- WORK TASK:
Retype word for word the stretch of entries below from the line that has "infactory Christbaumspitze: LED-Weihnachtsstern-Baumspitze" through the line that has "Men's full-zip sweatshirt", and omit the pictures.

- DATASET EXTRACT:
━━━━━━━━━━━━━━━━━━━━━━━━━━━━━━
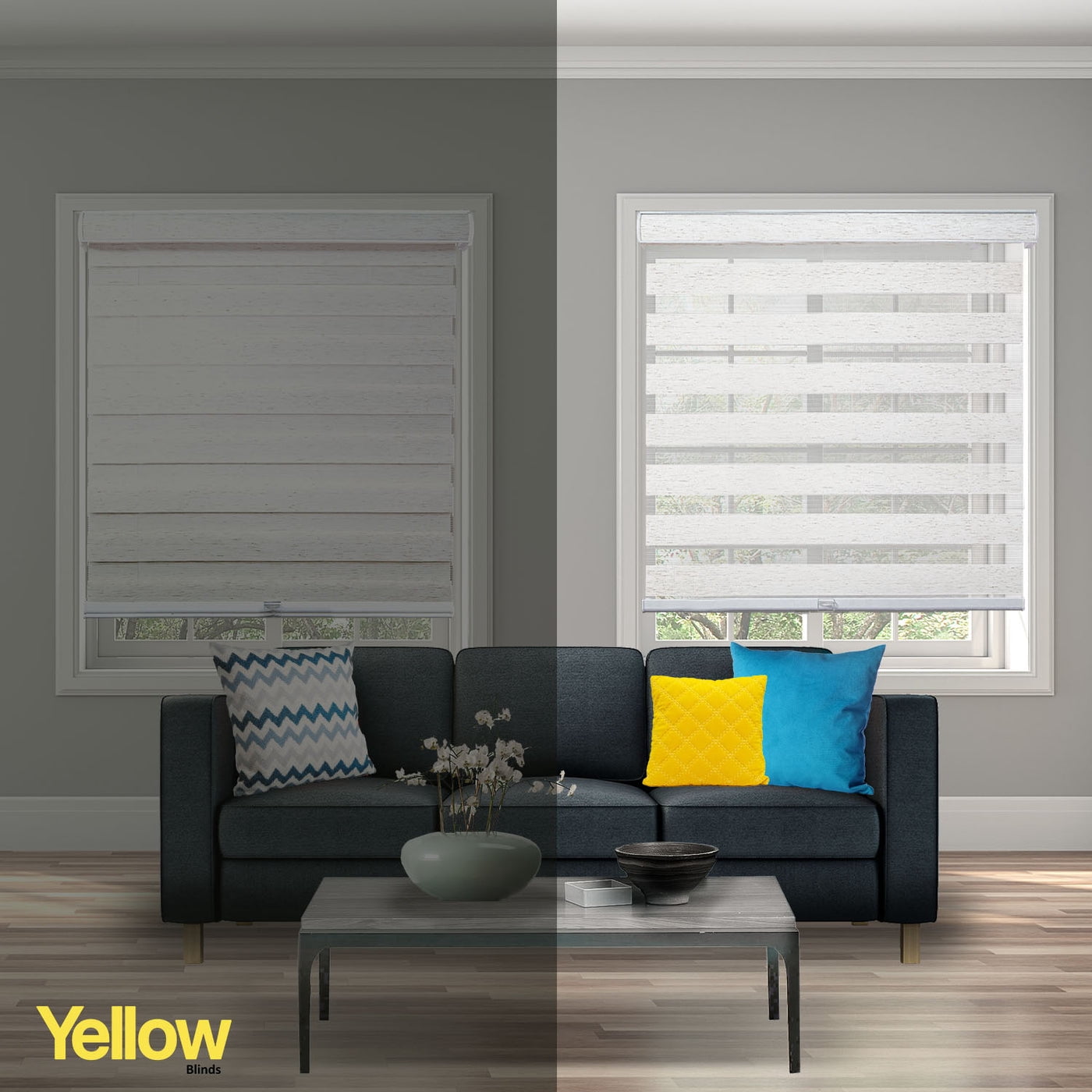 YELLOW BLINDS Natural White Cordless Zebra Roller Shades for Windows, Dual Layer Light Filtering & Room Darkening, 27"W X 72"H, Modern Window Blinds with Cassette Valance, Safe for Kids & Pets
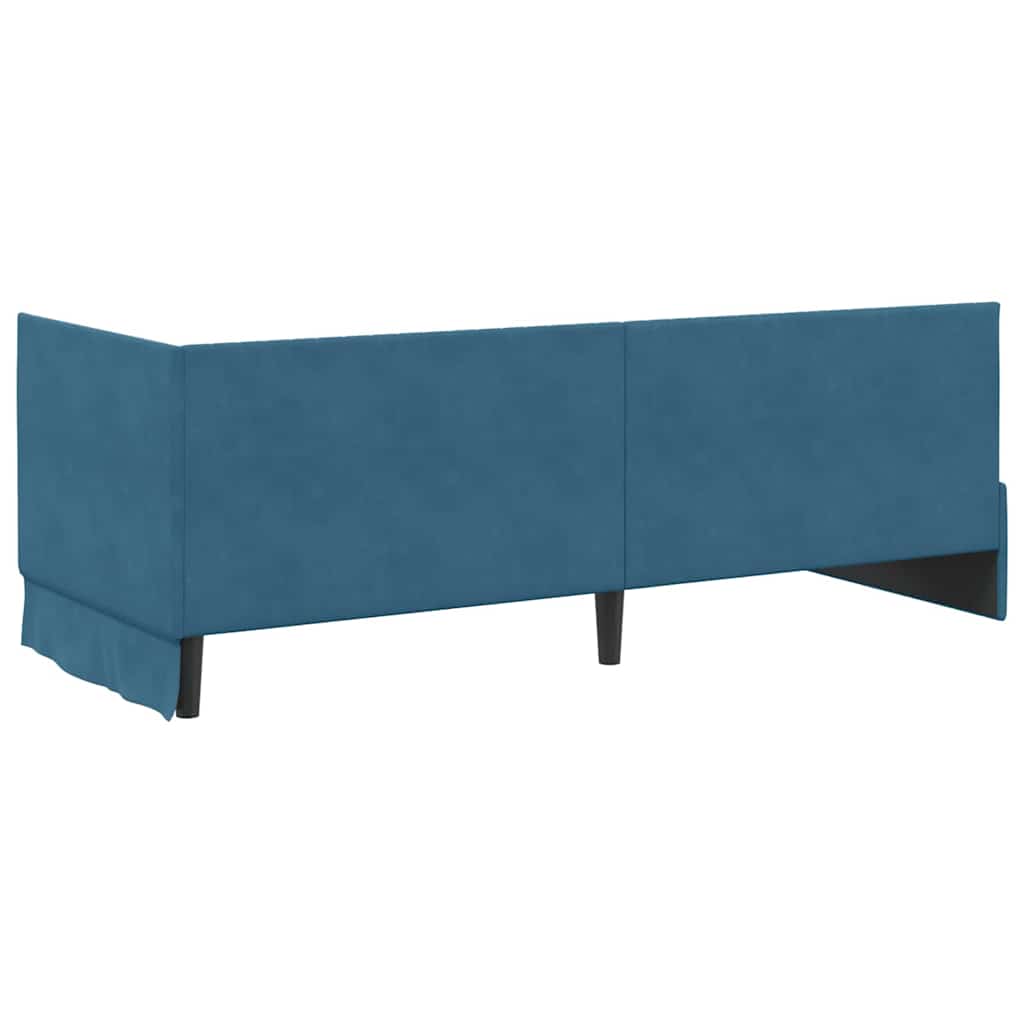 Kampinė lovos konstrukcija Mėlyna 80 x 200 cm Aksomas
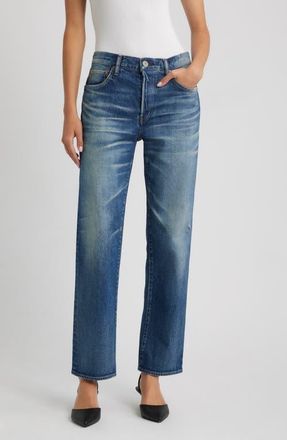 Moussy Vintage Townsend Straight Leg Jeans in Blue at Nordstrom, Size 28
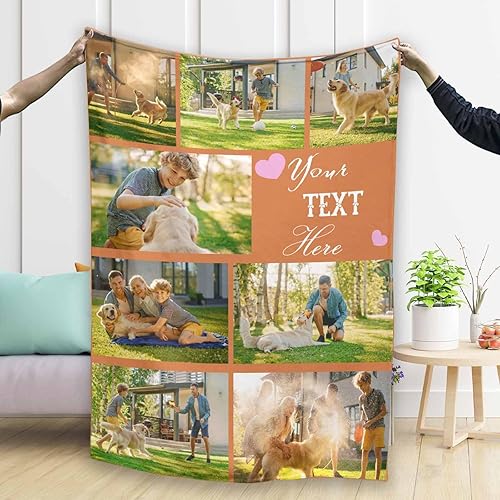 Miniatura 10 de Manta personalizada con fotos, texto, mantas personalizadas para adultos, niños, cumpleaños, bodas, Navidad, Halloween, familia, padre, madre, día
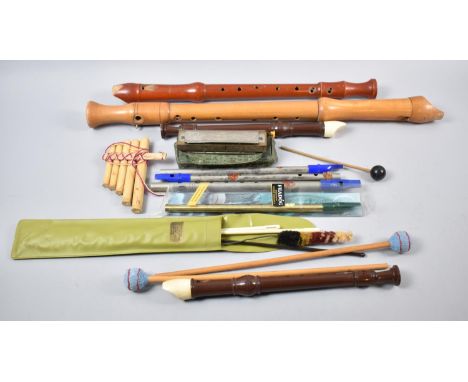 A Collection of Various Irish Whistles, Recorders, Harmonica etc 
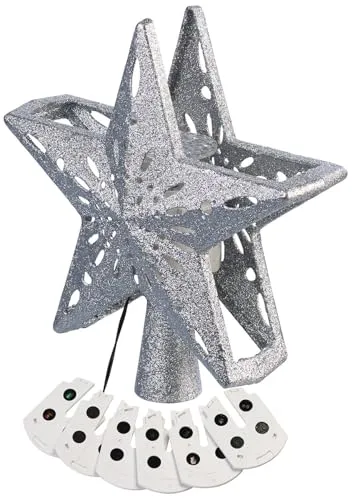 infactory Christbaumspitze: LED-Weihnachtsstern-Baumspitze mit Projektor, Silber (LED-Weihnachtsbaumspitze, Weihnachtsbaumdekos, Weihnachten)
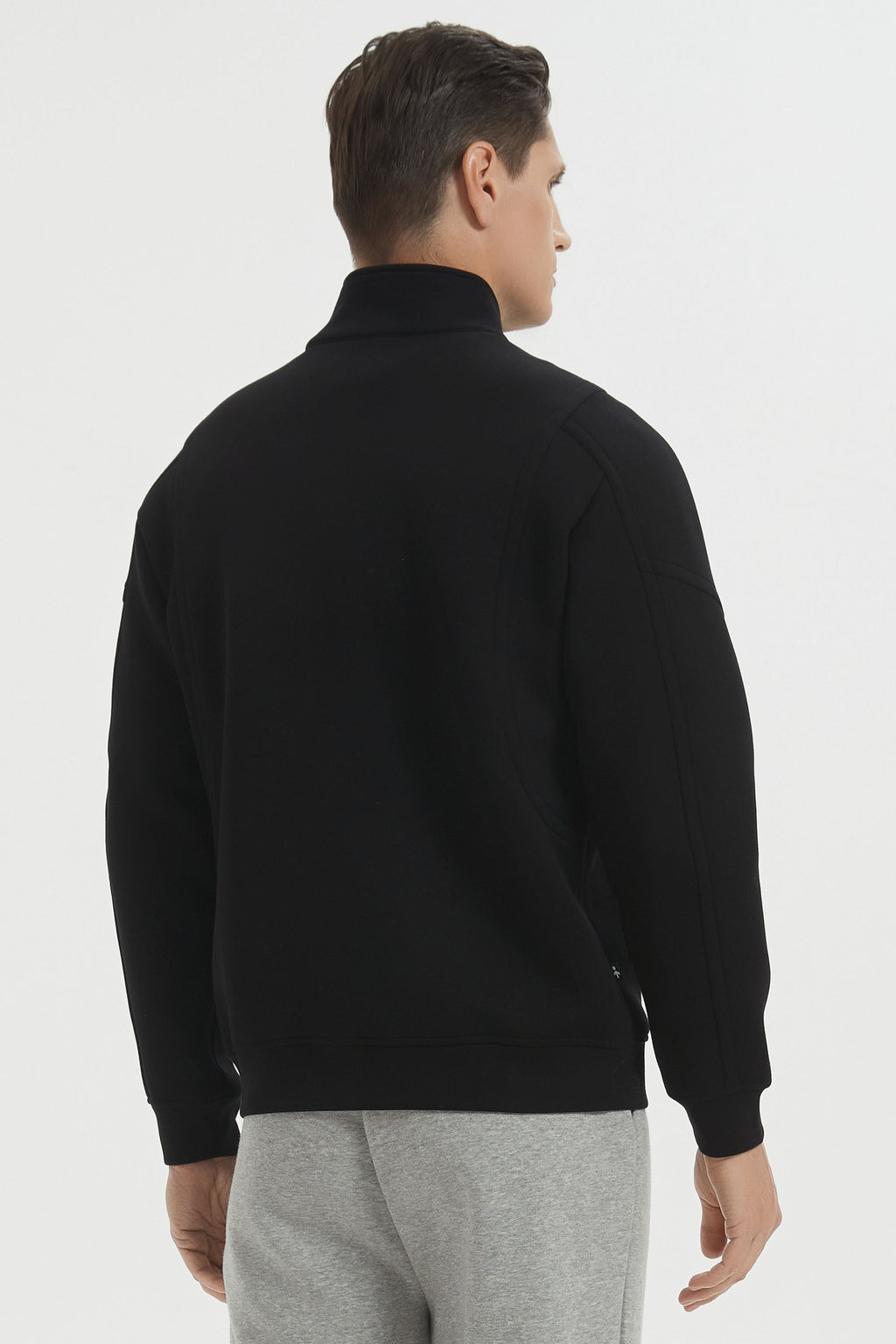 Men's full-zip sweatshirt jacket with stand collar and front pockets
━━━━━━━━━━━━━━━━━━━━━━━━━━━━━━
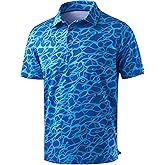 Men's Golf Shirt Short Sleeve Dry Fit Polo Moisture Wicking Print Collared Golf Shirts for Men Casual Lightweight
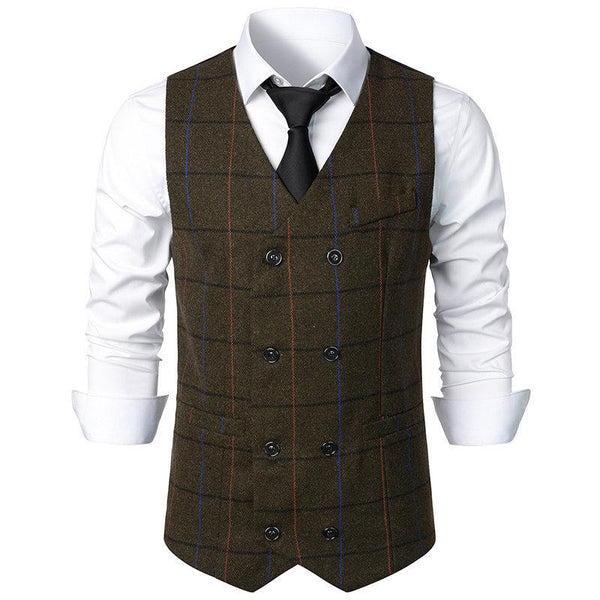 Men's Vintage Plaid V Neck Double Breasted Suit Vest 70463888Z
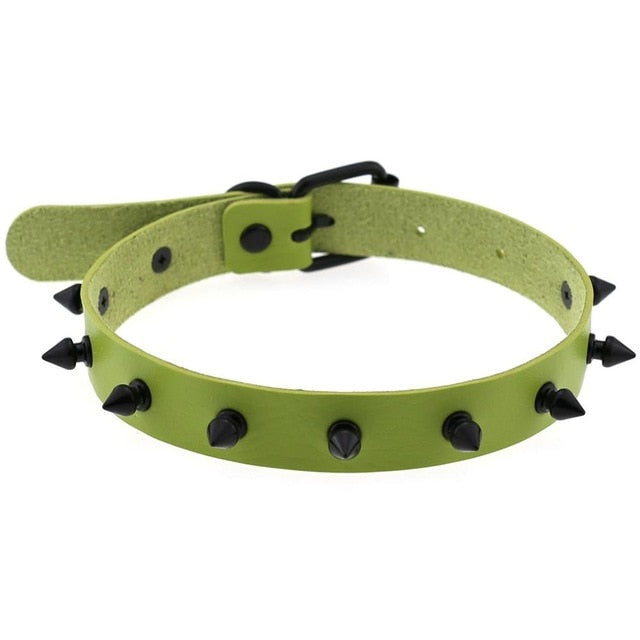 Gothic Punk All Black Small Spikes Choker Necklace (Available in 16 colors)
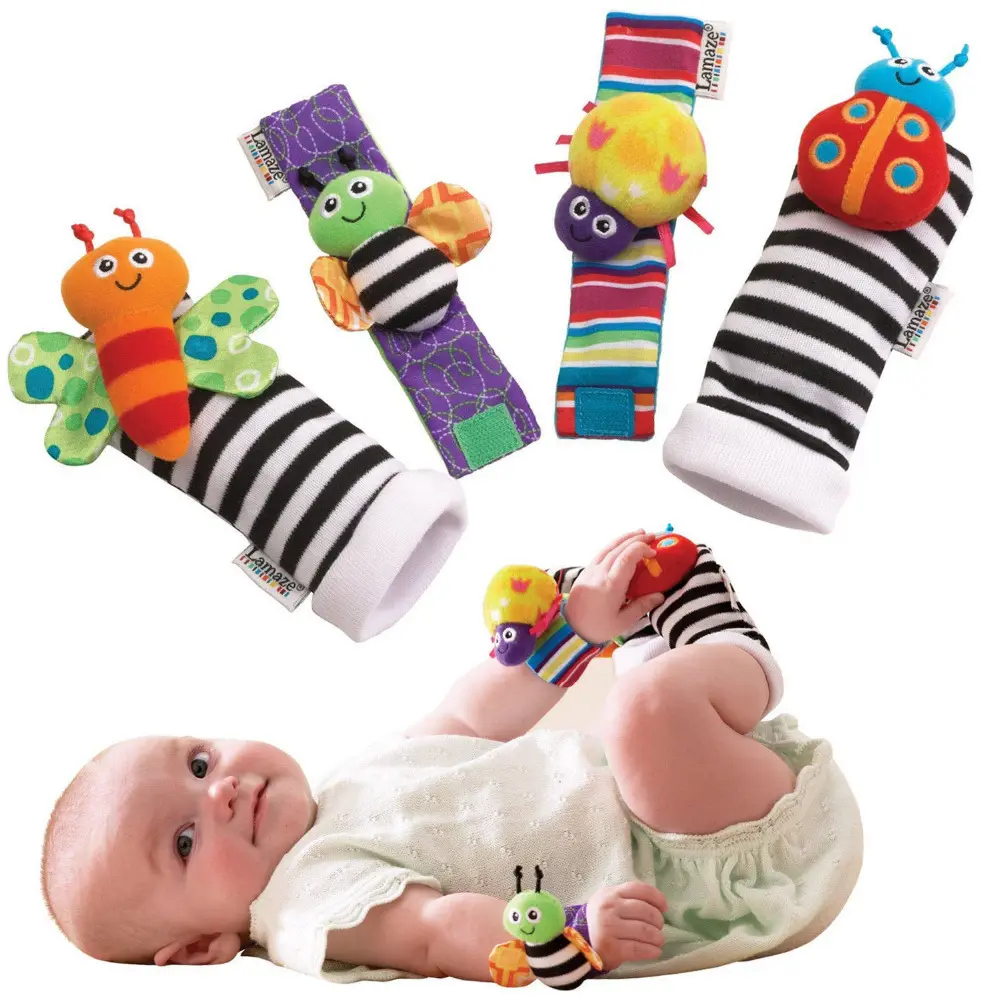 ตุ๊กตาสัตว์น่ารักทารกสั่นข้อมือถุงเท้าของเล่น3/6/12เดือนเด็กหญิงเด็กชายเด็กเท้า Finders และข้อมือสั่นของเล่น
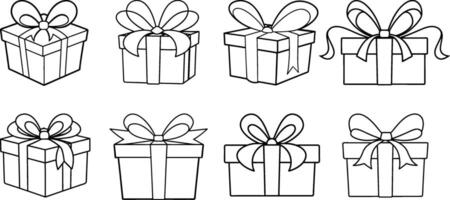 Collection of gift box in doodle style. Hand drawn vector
━━━━━━━━━━━━━━━━━━━━━━━━━━━━━━
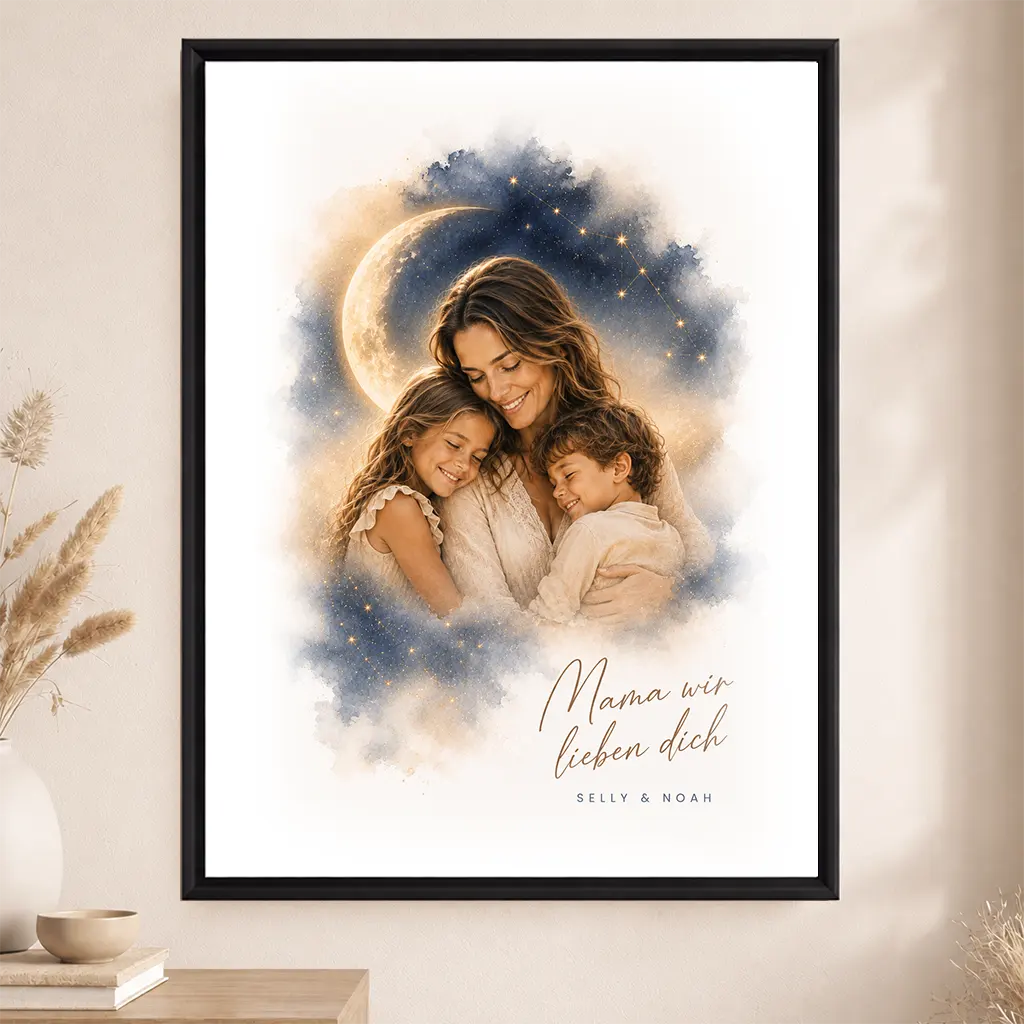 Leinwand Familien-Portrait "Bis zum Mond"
━━━━━━━━━━━━━━━━━━━━━━━━━━━━━━
- ANSWER TO THE PROBLEM:
 infactory Christbaumspitze: LED-Weihnachtsstern-Baumspitze mit Projektor, Silber (LED-Weihnachtsbaumspitze, Weihnachtsbaumdekos, Weihnachten)
 Men's full-zip sweatshirt jacket with stand collar and front pockets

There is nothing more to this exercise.